I know that for the days I have lived, I spent so much energy on being disappointed, of being heartbroken.
A lot of things had happened for such a short weekend. While I am having a guest in my place from somewhere distant, I feel like I am so exhausted. I chose not to show my true feelings in front of my guest. But the fact is I just want to be alone.
Waking up late on Saturday, I received a heartbreaking news once I opened my eyes. That moment supposed to be a moment of joy for him and his new family, but in the contrary became a heartbreaking story for myself.
I have never felt such an insecurity for my whole life, attacking me like a tsunami.
No wonder I had been so unstable for the past one week, and so lazy to interact with anybody else but my loneliness. It was the feeling that describe the occurred event for that Saturday.
I used to be so rebellious and so defensive if the things I cannot control attacking me. But that morning, I committed myself to withdrawal. I told myself not to be a part of his life anymore, even though we are still connected through blood. I told myself that I am still the only one Mija in his life, and no matter how many he would claimed he has, I am the one and only. Which means that I won’t and can’t acknowledge her to be a part of me, even if one day he’s gone.
Laying beside my friend, I held my phone while a teardrop ended on the corner of my eyes. My sights became a little bit blurry.

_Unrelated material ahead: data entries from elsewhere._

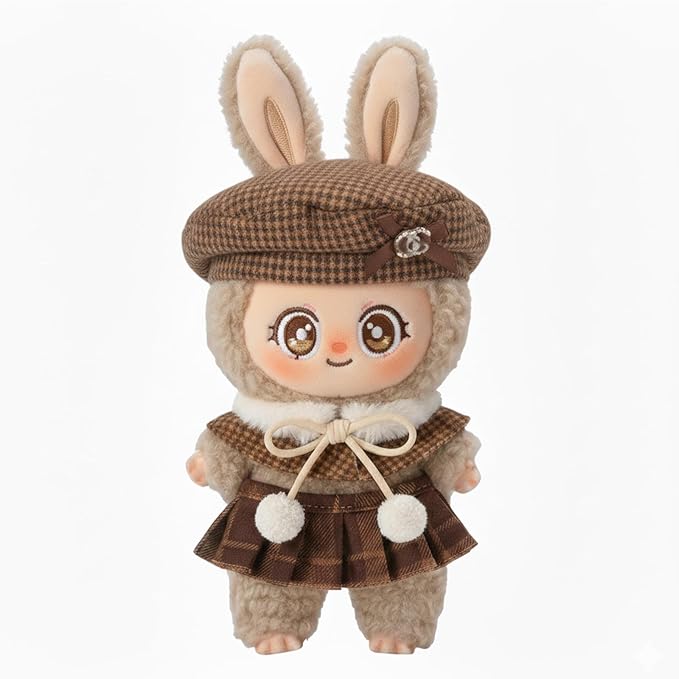 Doll Clothing Set (No Doll), Cute Cropped Straw Hat, Crossbody Bag, Dress, Suitable for 15-17cm Dolls, Outfit Accessory Set for Unique Styling (Brown-Houndstooth)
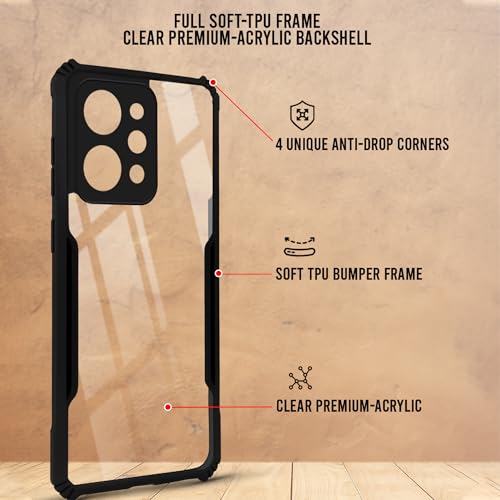 Image of Jkobi Hybrid Back Cover Case for Realme P4 Power 5G | Realme Narzo Power (Shockproof with Polycarbonate Clear Panel | Professional Black)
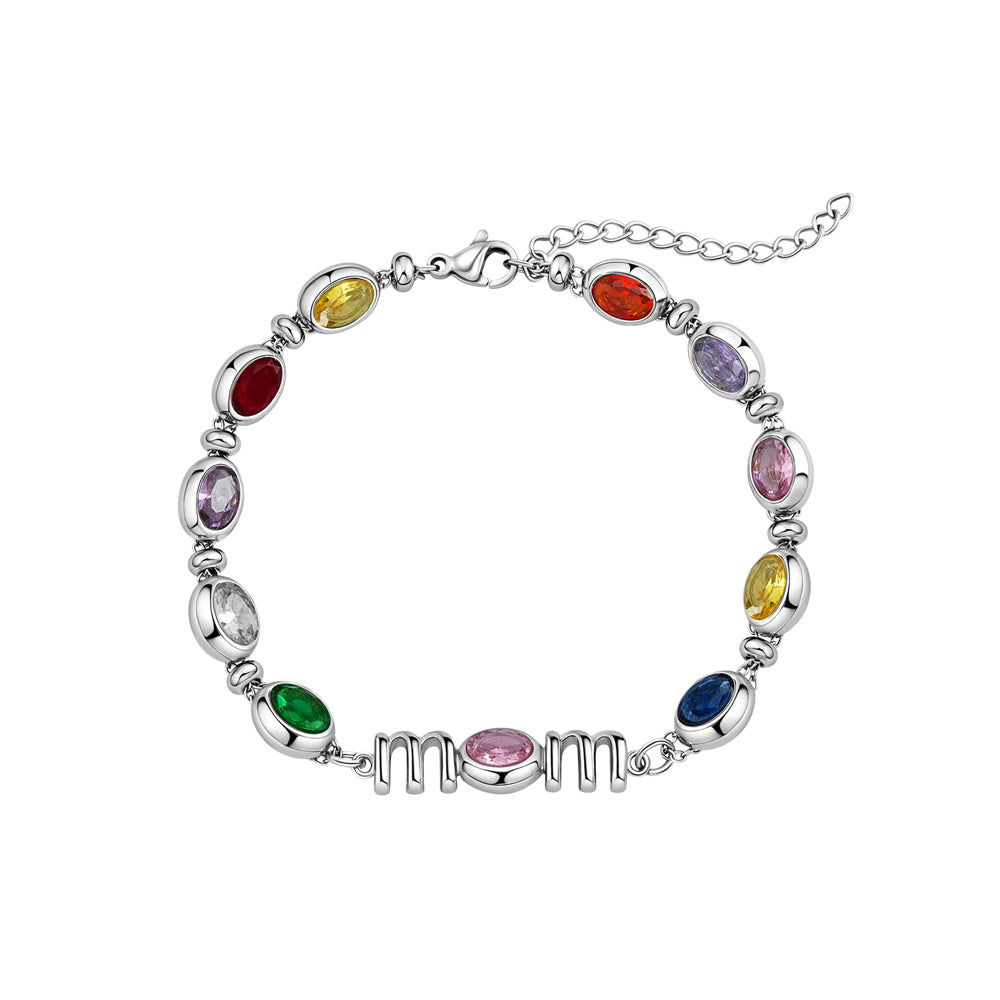 Custom Kids Name Birthstone Mom Bracelet
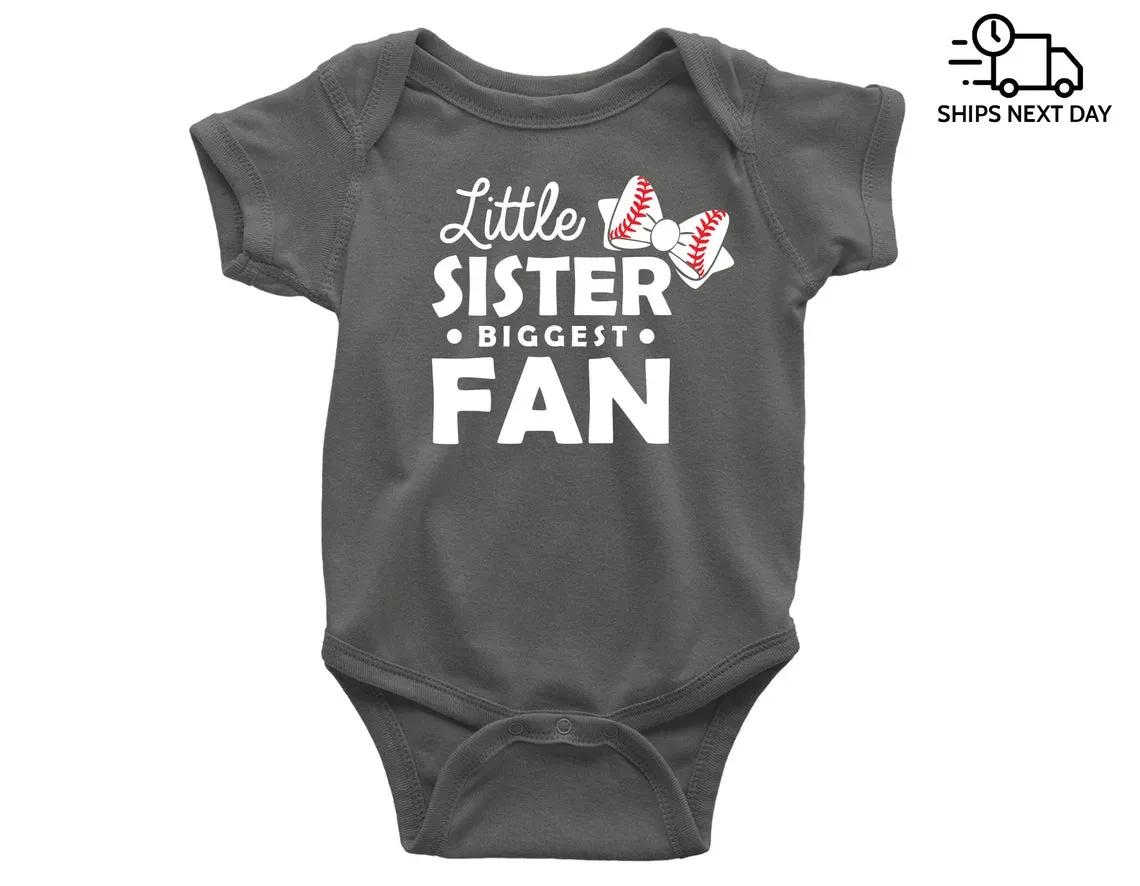 Little Brother / Sister Biggest Fan - Funny Baseball Onesie / t-shirt for siblings.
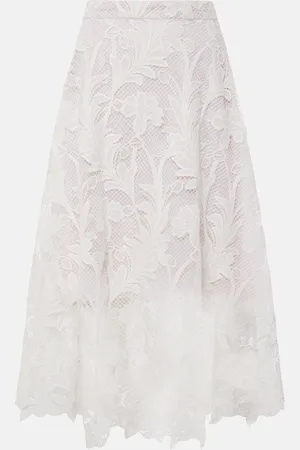 Oscar de la Renta Floral guipure lace midi skirt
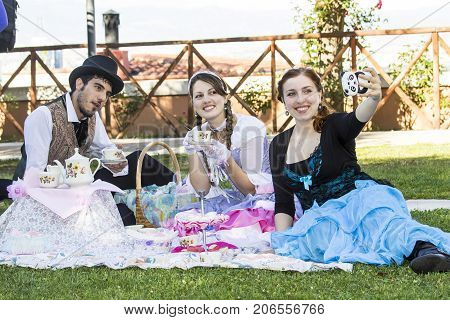 CAGLIARI, ITALY - JUNE 1, 2014: Sunday at the Great Jatte Public Gardens - Sardinia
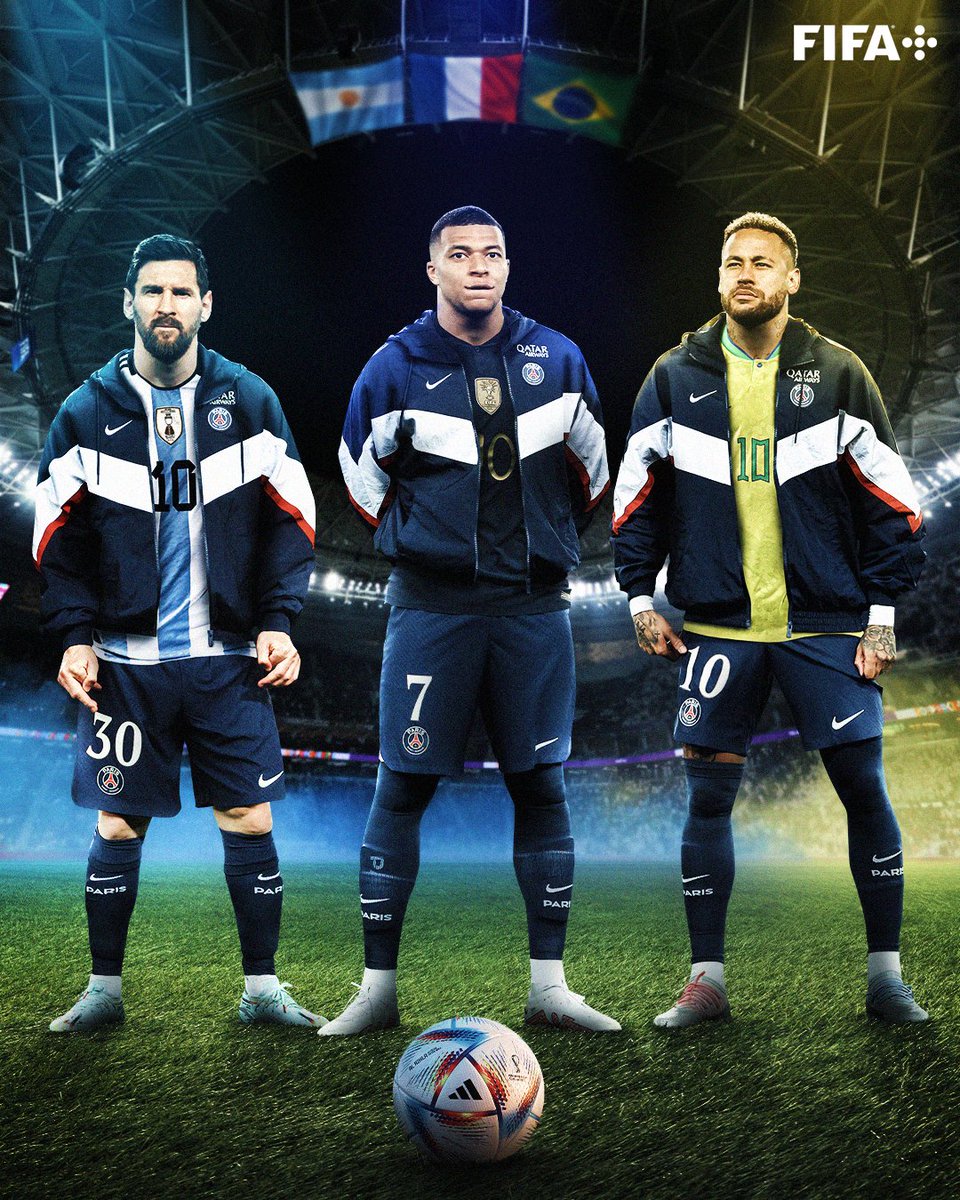 FIFAWorldCup's tweet image. 🅰️ Ligue 1 assist leader: Messi
⚽️ Ligue 1 top scorers: Mbappe &amp;amp; Neymar 

In-form for their club, #FIFAWorldCup ready for their countries 🤝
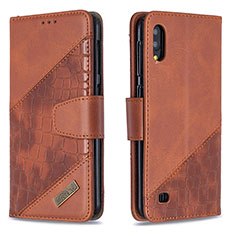 Leather Case Stands Flip Cover Holder B03F for Samsung Galaxy M10 Brown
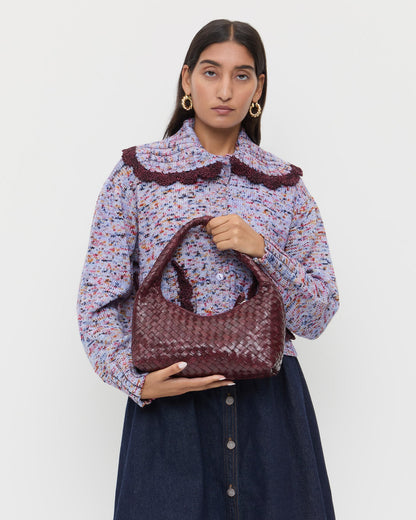 Women Loeffler Randall Mercer Maroon Woven Shoulder Bag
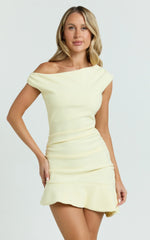 Goldie Mini Dress Tipped Off Shoulder Cap Sleeve Ruched Fitted Ruffle Hem Skirt Dress in Lemon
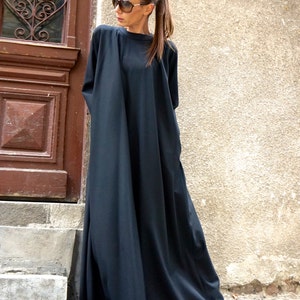 New Maxi Dress / Black Kaftan/ Long Sleeves / Side Pockets ...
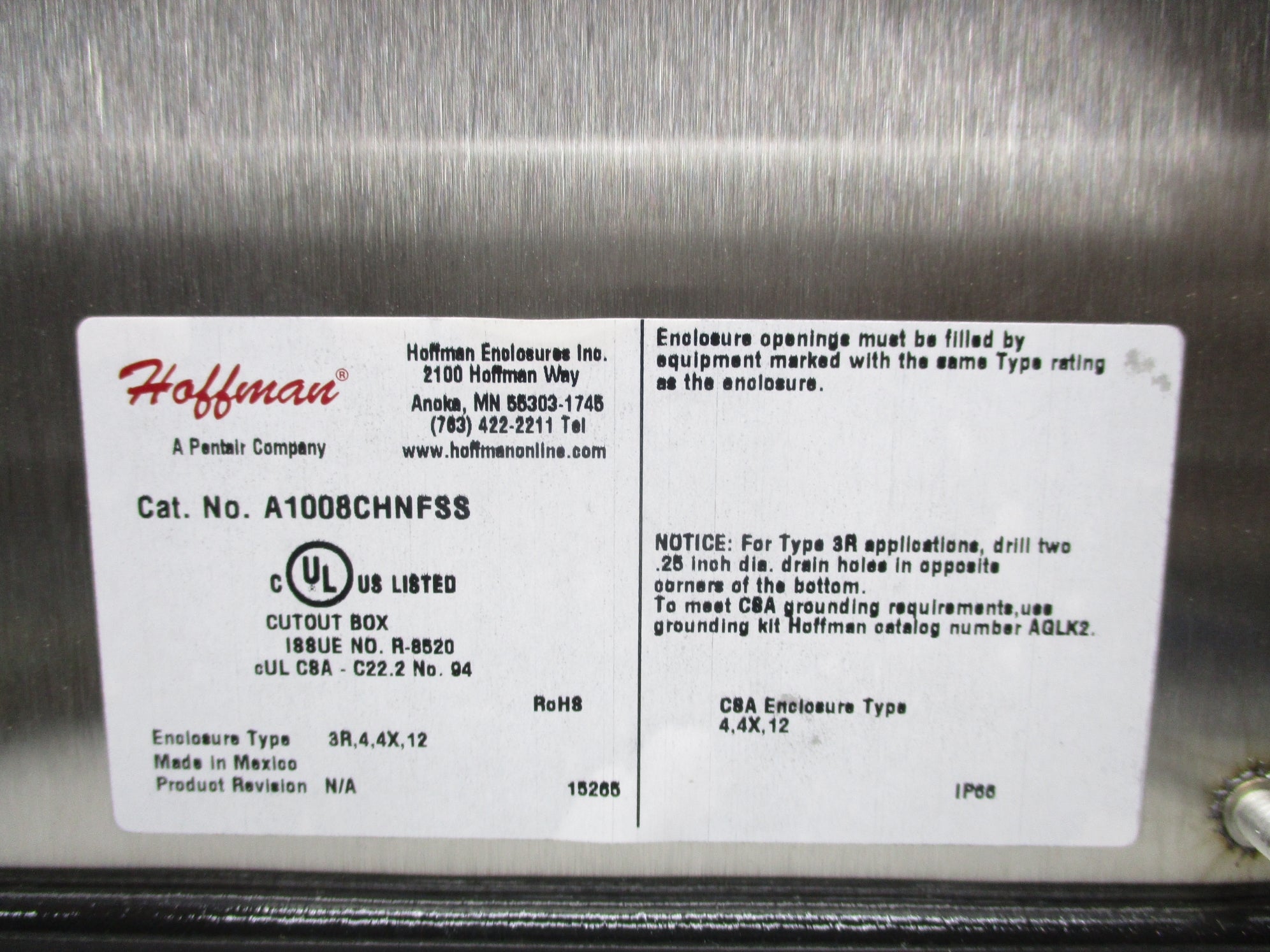 HOFFMAN A1008CHNFSS NSNP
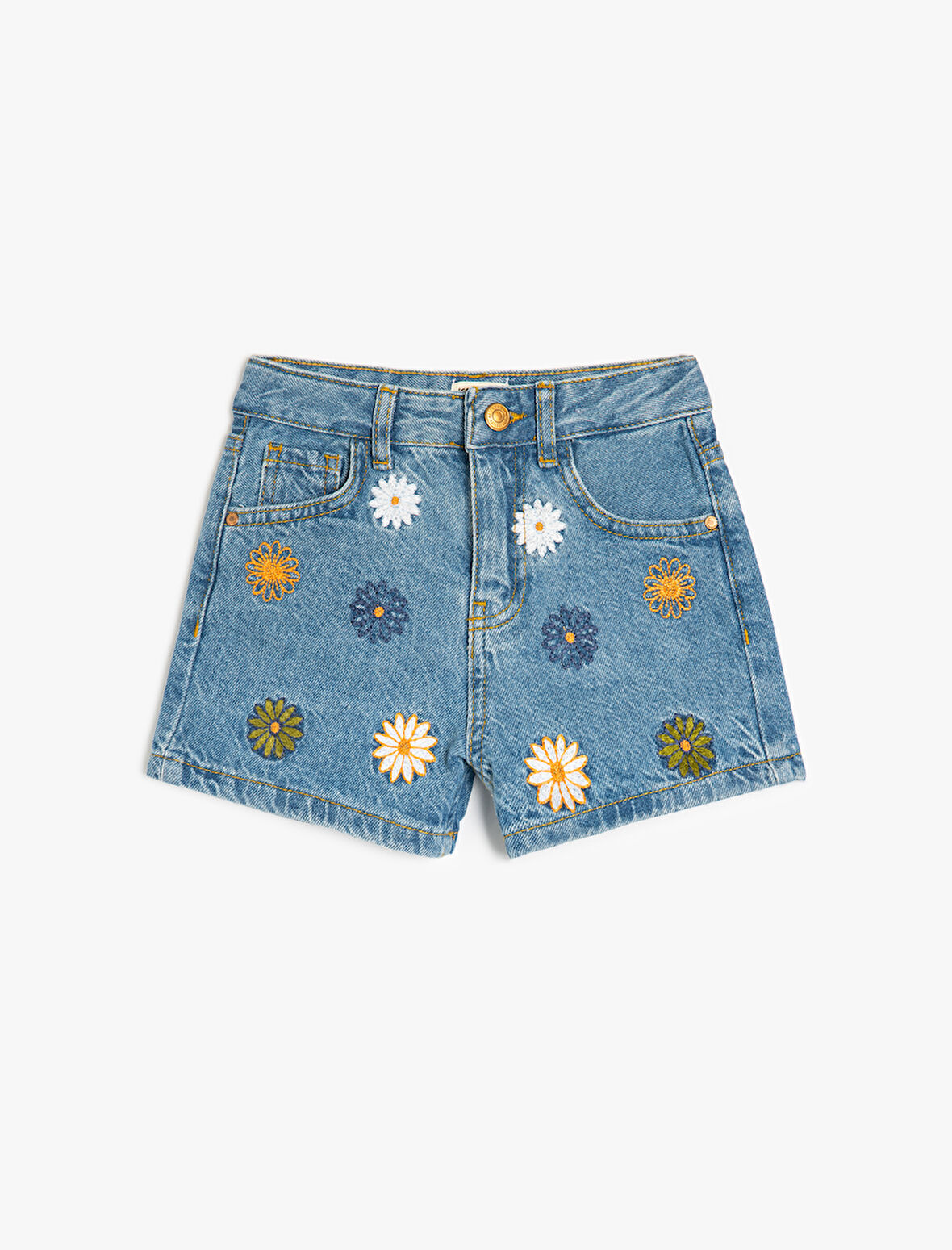 Çiçek Nakış Detaylı Cepli Pamuklu Denim Şort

I threw my hope away. But God is too good. He spoke to me through a sermon I attended on Sunday.
“Never lose a hope to anything just because you are too afraid of getting disappointed,
Never lose a hope even though you get what you less expecting,
Never lose a hope because a hope placed in God would never go in vain,
Never lose a hope because all that happens in your life are still a blessing from the above”.
If it’s good thing, then we can literally say that it is a blessing.
If it’s a bad thing, then it is a blessing in disguise.
The pain meant for something. I learned that through pain I develop myself to be a more humble individual, to be a more sensitive person, to be someone who is always understand what it feels to be in a specific kind of situation. I learned to be empathized to others even more.